── Data below

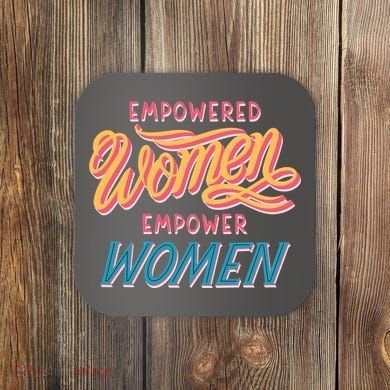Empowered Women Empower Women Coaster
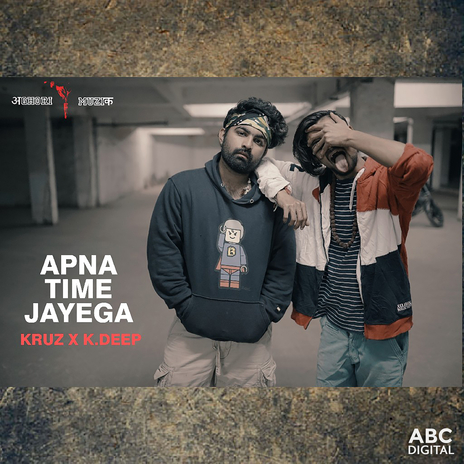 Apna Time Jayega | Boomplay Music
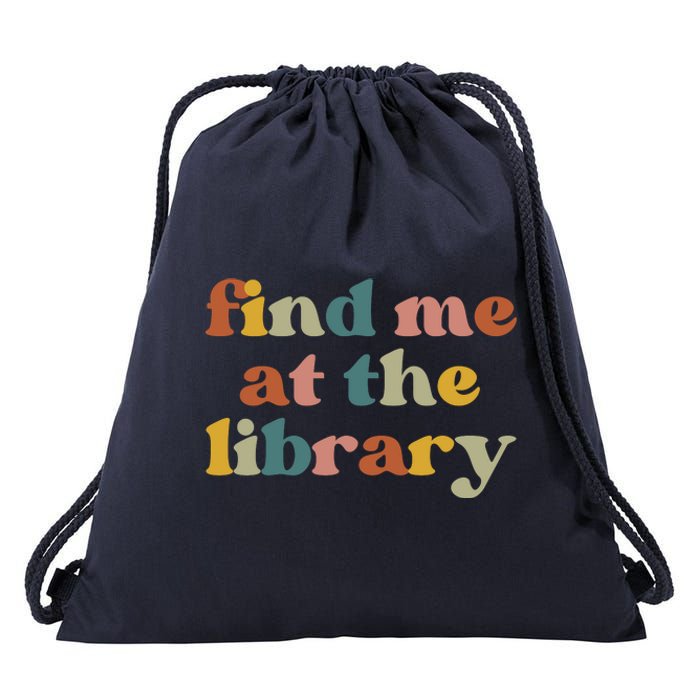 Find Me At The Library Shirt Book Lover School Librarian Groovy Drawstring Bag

────

Exercise description
Restate the listing word for word, pictures excluded.

Solution below
Empowered Women Empower Women Coaster
 Apna Time Jayega | Boomplay Music
 Find Me At The Library Shirt Book Lover School Librarian Groovy Drawstring Bag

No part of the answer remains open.